BRIEF:
Copy each line of the following data that contains "Beach".

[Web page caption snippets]
'''

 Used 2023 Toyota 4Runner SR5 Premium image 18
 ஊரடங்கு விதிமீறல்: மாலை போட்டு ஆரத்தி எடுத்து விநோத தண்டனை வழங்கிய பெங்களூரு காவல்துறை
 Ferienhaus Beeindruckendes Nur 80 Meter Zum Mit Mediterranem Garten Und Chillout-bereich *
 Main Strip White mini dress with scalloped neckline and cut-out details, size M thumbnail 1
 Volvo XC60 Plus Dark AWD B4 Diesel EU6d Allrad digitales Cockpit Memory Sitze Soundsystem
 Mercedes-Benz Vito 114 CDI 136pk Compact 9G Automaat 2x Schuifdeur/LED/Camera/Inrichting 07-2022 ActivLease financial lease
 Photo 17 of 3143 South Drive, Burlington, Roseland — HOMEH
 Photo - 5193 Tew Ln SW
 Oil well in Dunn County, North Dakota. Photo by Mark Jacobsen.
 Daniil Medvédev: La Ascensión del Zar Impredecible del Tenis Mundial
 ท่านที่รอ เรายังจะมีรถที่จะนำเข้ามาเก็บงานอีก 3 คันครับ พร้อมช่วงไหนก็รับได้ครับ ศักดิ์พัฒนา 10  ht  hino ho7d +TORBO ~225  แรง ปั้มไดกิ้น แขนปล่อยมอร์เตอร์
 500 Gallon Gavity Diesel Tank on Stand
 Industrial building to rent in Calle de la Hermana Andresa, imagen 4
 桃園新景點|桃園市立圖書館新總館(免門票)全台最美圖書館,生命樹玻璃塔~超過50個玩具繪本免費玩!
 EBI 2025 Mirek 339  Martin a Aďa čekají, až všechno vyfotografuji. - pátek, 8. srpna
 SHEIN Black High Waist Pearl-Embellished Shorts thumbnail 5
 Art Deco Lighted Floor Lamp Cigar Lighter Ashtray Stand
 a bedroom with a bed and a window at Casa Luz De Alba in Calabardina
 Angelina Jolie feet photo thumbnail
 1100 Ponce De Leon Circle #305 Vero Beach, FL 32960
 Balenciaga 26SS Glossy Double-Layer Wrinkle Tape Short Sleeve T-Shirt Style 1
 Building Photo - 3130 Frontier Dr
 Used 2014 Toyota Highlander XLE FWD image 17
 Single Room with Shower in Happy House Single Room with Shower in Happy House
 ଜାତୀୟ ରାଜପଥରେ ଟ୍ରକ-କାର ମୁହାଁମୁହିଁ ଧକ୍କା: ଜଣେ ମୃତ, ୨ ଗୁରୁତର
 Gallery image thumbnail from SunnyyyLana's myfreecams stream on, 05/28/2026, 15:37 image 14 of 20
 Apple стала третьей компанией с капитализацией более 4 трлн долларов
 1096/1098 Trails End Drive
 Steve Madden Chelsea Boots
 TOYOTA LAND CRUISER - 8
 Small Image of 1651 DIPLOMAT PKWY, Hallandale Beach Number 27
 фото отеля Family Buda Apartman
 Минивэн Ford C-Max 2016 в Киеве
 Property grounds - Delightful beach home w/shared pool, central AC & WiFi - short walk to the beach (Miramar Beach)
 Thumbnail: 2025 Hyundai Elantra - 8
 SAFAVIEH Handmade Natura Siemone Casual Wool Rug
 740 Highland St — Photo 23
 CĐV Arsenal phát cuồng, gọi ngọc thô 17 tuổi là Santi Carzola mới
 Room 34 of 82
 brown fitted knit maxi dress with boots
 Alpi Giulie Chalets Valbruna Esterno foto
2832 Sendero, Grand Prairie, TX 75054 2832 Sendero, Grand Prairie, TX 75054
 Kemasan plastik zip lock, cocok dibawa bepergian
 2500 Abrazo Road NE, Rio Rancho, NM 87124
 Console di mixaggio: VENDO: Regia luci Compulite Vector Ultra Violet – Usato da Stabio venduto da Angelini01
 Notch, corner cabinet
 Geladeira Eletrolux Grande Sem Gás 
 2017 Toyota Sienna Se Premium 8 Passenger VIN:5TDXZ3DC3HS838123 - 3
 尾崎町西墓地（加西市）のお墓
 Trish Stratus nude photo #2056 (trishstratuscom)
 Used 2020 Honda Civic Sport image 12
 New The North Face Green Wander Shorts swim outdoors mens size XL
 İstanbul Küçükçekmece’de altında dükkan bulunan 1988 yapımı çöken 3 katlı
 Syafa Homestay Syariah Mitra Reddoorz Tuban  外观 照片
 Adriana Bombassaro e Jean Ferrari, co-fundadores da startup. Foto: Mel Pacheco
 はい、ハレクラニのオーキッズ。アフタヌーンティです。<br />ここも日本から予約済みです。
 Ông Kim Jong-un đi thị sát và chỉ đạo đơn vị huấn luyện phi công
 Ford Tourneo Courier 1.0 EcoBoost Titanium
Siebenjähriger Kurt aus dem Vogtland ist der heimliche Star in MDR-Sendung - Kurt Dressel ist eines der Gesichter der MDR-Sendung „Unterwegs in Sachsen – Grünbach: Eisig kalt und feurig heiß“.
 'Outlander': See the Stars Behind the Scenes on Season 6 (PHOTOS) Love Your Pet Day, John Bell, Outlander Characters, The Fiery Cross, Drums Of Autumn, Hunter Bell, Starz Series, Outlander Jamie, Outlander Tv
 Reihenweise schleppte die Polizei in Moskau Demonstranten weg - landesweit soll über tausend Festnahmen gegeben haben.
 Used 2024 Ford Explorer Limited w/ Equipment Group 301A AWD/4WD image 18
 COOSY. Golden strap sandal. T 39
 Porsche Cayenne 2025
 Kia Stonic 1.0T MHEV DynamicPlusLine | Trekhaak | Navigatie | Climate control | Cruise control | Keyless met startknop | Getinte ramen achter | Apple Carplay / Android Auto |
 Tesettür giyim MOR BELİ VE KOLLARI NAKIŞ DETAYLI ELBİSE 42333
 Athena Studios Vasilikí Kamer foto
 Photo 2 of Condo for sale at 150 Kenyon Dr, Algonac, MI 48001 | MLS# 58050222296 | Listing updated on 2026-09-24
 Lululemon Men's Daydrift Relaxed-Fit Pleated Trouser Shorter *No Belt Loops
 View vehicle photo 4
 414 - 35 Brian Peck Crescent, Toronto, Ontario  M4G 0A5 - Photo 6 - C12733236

'''

ANSWER BOX:
 1100 Ponce De Leon Circle #305 Vero Beach, FL 32960
 Small Image of 1651 DIPLOMAT PKWY, Hallandale Beach Number 27
 Property grounds - Delightful beach home w/shared pool, central AC & WiFi - short walk to the beach (Miramar Beach)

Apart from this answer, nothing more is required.